Business Standard

WORLD MONEY

- ABHEEK BARUA & TUSHAR ARORA

For currency traders across markets, selling the US dollar has been one of the popular trades in the market. Battered by political drama in Washington and shifting bets on the Fed’s monetary policy, the American currency has declined the most this year since 2003.

The reasons are well known. On the political front, Donald Trump’s failure to deliver on his policy agenda (starting with the repeal of Obamacare) stymied hopes of a rapid economic revival in the US driven by lower taxes and massive government spend. Then there was the US central bank, the Federal Reserve, that lost its edge and was no longer the only major central bank working towards monetary tightening. If it had been the sole monetary authority to do so, the dollar would have got a pop. The Bank of Canada, the European Central Bank and the Bank of England also joined the race, making the US dollar less attractive on the basis of yield difference­s.

However, as it turns out, things have come a full circle and there is every chance that the US dollar may be bottoming out for now.
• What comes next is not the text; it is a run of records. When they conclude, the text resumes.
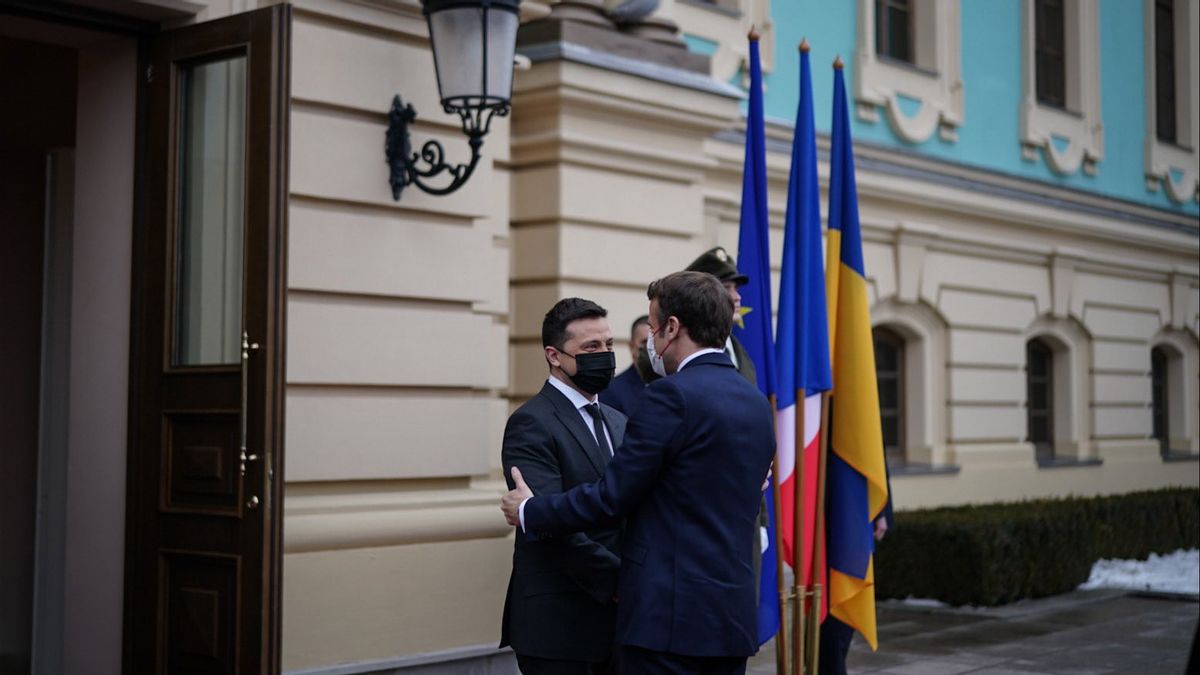 Presiden Macron Sebut Vladimir Putin dan Volodymyr Zelenskiy Berkomitmen pada Prinsip Perjanjian Damai 2014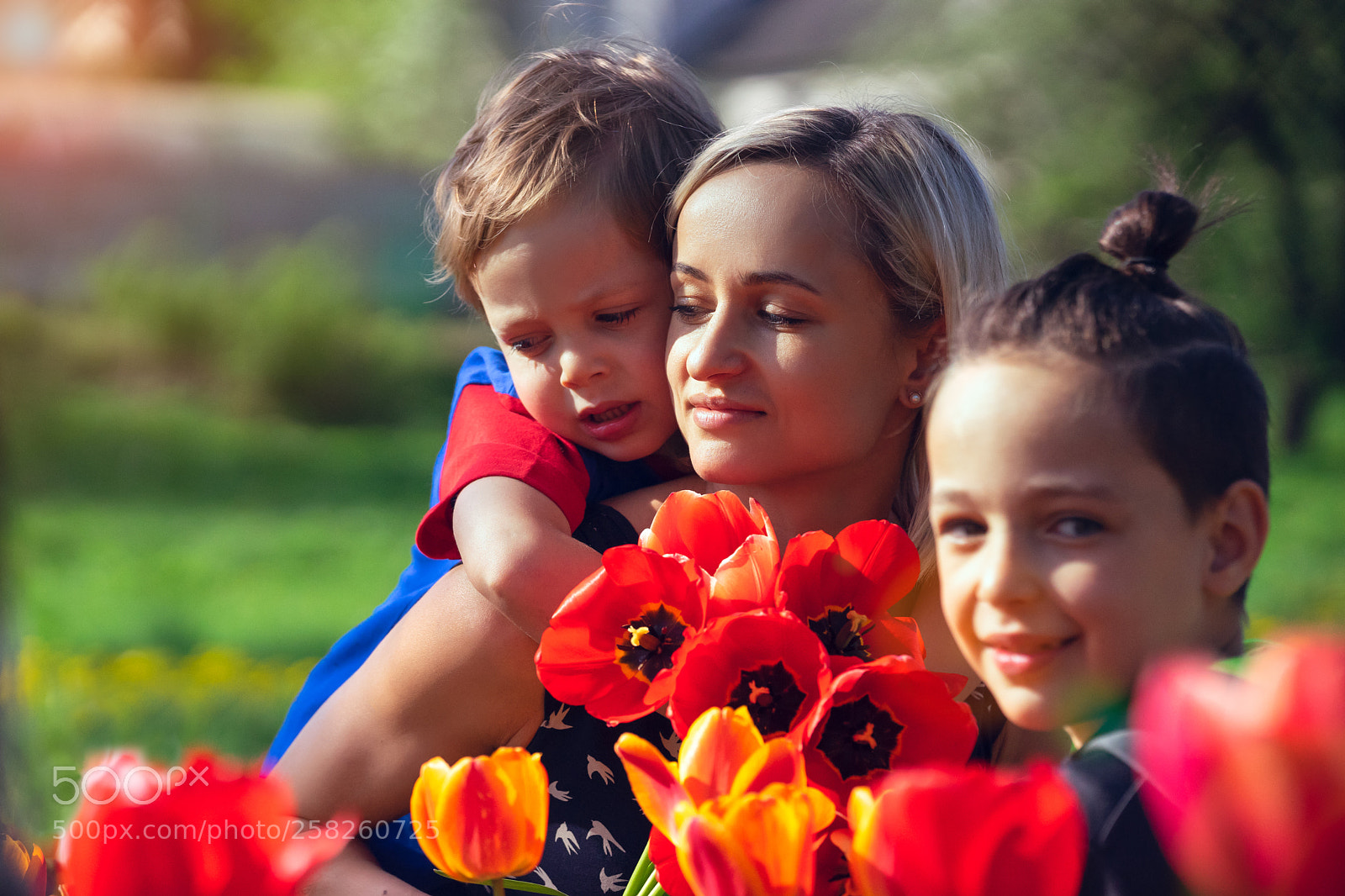 Sony a7 II sample photo. Mother with two sons photography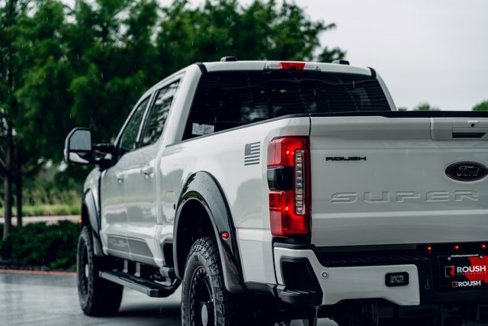 New 2025 Ford F250 Lariat w/ Lariat Ultimate Package image 17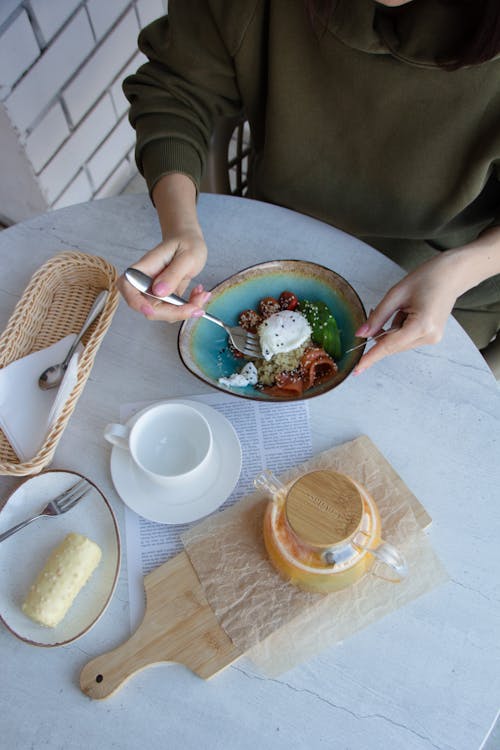 Darmowe zdjęcie z galerii z herbata, jedzenie, kobieta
The sharp fall in the rupee on Thursday and Friday has to be viewed against this backdrop.

Why so? For one thing, the hope that Trump’s tax package might see the light of day has resurfaced. Ten months into his term, Trump seems to be learning to deal and indeed collaborat­e with the Opposition. The recently concluded debt ceiling agreement, where he overruled his own treasury secretary and decided to cut a deal with the Democrats (to raise the federal borrowing limit), has boosted market sentiment. There is now talk of delivering on more election promises, especially tax cuts with some help from across the proverbial aisle.

Besides, contrary to expectatio­ns, the Federal Reserve doesn’t seem to be worried that inflation continues to be softer than its target. If the message from the high-powered Federal Open Market Committee (FOMC) that met on Wednesday and Thursday last week is any indication, the central bank is looking to hike rates and reduce its balance sheet (tightening money) despite the catastroph­ic damage from the hurricanes in Texas and Florida. This somewhat unexpected hawkishnes­s from the Fed is providing another support to the dollar.

Should we thus assume that the beaten-up currency is staging a major comeback? Is the “Trump trade” back? To answer these questions, there are two important aspects to consider.

One, there could be many a slip between the cup and the lip when it comes to tax reforms. Republican­s plan to use a process known as reconcilia­tion to pass tax cuts, which would require approval by 50 senators. With only 52 seats (and many a dissenter within its fold), the Republican margin remains wafer-thin and whether or not Democrats actually play ball remains to be seen.

However, Trump’s sudden overtures to Democrat house leaders Charles Schumer of the Senate and Nancy Pelosi of the lower house on issues such as the Deferred Action for Childhood Arrivals programme and the deferral of the federal debt ceiling restrictio­n seem to suggest a newfound love between Trump and the Democrats that could translate into support for critical legislatio­n.

However, there is a risk that he could alienate his own party in the process. With mid-term elections on the horizon, Trump’s friendship with the Democrats could be a political liability, especially for the hard right within his party. Thus, it is important that that the White Hose sews up a tax cut deal before a sharp partisan divide resurfaces.

The Fed’s policy stance remains uncertain despite the recent communiqué. At this stage it believes that inflation will eventually rise in the US and it is important to tighten financial conditions and look at risks related to asset price bubbles. However, if the economic data for the next couple of months look particular­ly soft and inflation begins to surprise on the downside it might not want to get too aggressive. Not to forget, there are a lot of seats to be filled within the FOMC and its compositio­n and outlook could change significan­tly, especially given that Chair Janet Yellen’s term will end in February 2018.

So is this the beginning of a dollar rally? Nah, it’s really too early to tell. But can markets afford to ignore this nascent strength? Clearly not.